His advice to her was not only good for her but his description of a good husband might be regarded as a model to which we should aspire also.
The reason is because what John Adams regarded as a good character was firmly based upon the kind of person who was praised by the writers of the New Testament, and not least by Saint Paul writing to the Colossians, part of which we heard this morning in the readings. Paul writes that “Christ is the head of the body, the church; he is the beginning, the firstborn of the dead, so that he might come to have first place in everything.”
What upset the writers of the New Testament was that they thought that the people to whom Christ brought his message had not given him his rightful place.
We better understand now why this was, but at the end of the first century and start of the second, it looked to the writers as though Christ had come and had been deliberately rejected in favor of the worldly ways of evil.

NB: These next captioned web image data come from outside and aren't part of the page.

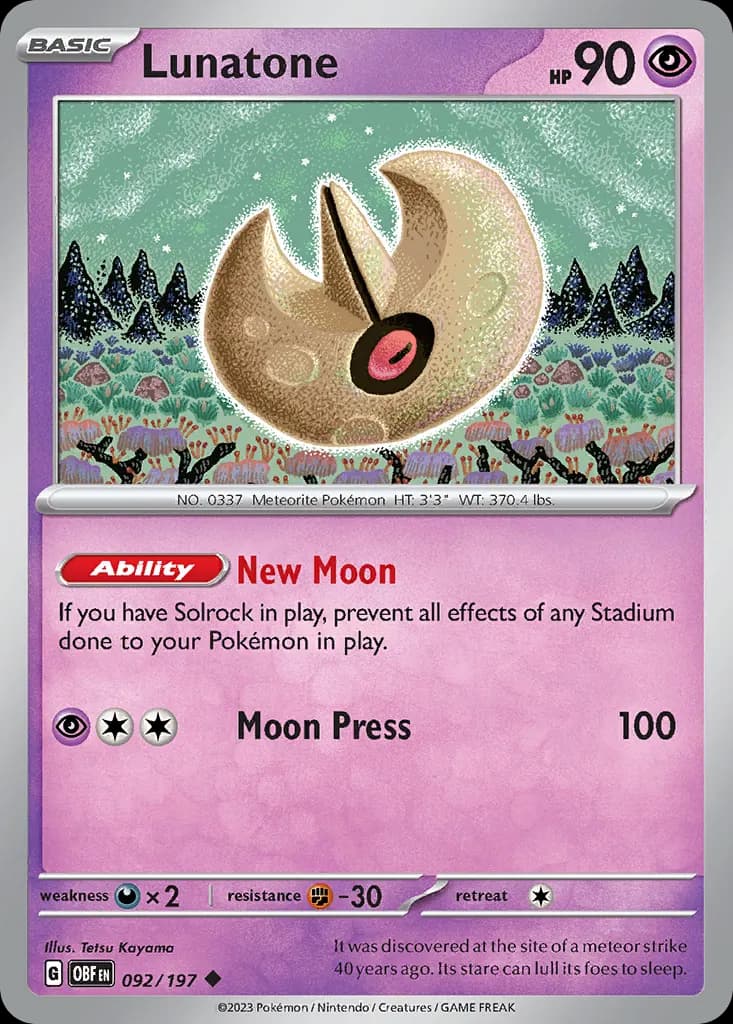 Lunatone — Obsidian Flames 92 Pokémon card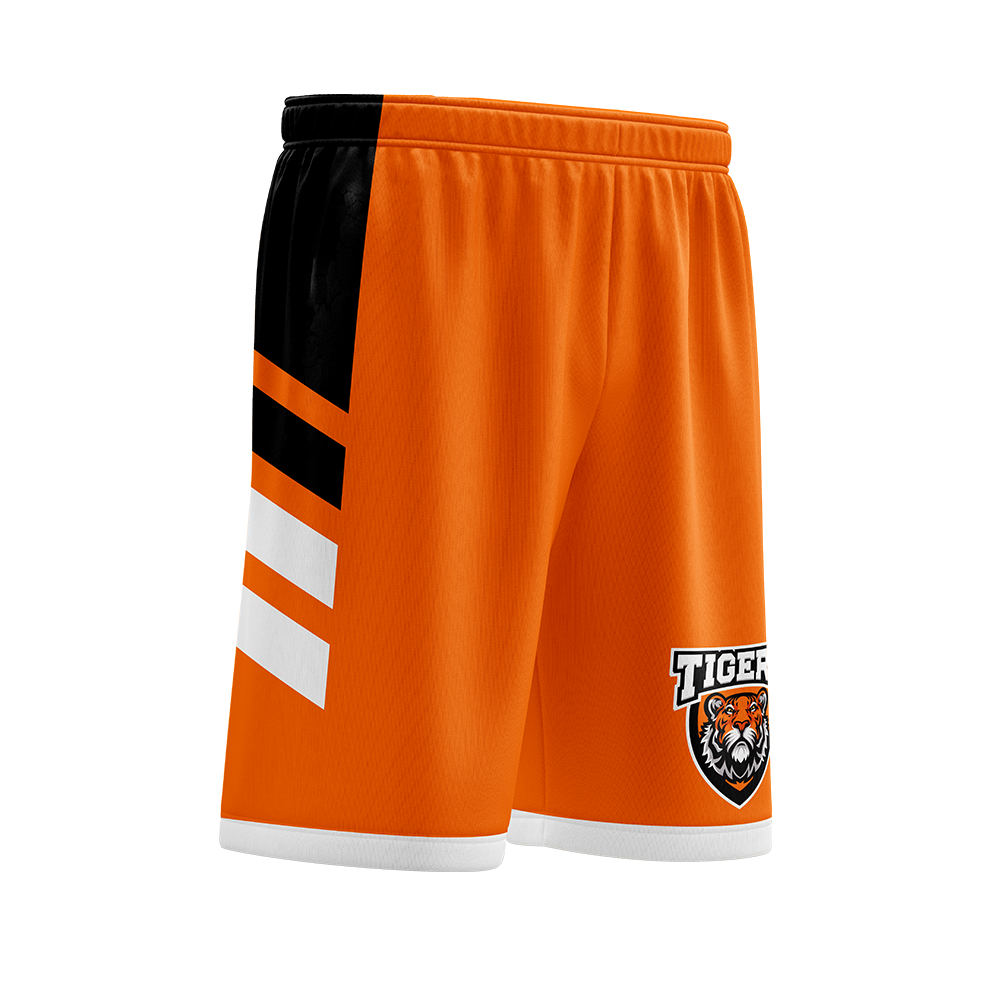 Orange shorts with black and white accents and a tiger logo on a white background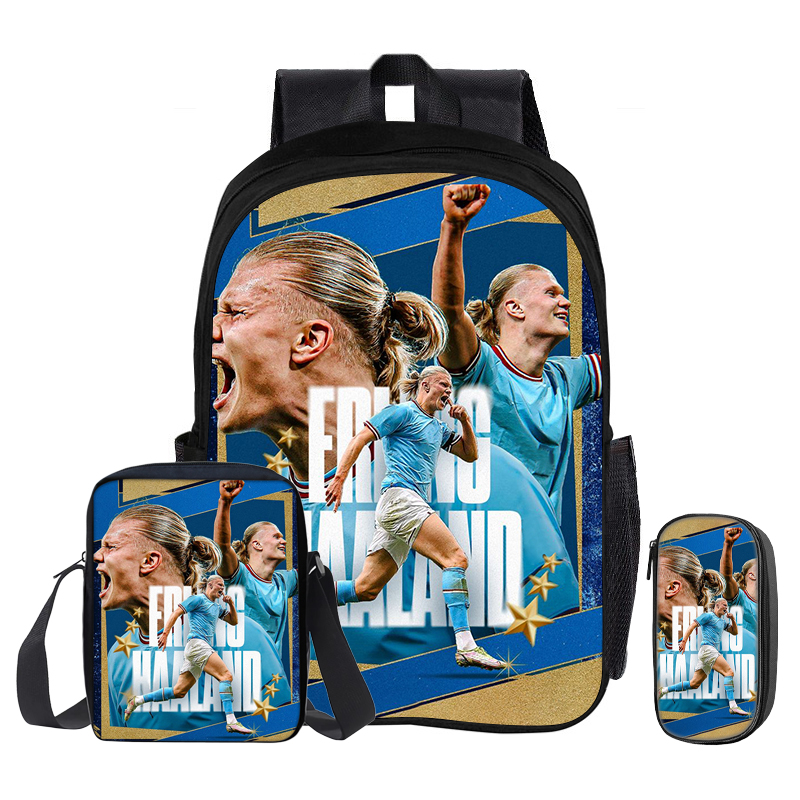 Haaland Kids 3Pcs Set Backpack Student School Shoulder Bag Pencil Bags Bookbag Football Star Rucksack Best Gift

What is more, these same people were now creating a religion that was in opposition to theirs and did not include Christ as part of its teaching. To the new Christian Church this was a terrible indictment of the Jewish faith, and they interpreted it as endorsing the ways of the world, the very ways that Christ had come to overthrow in the establishment of the new kingdom of God.
In this new kingdom, God was and is the only ruler, and Christ is his model of how we should behave in the world, and it is to him that we should look. For those who joined the church, the training ground for the new kingdom, Christ was the head in all things and the example for all to emulate, because he was the firstborn of the dead, and that entitles him to have first place in everything.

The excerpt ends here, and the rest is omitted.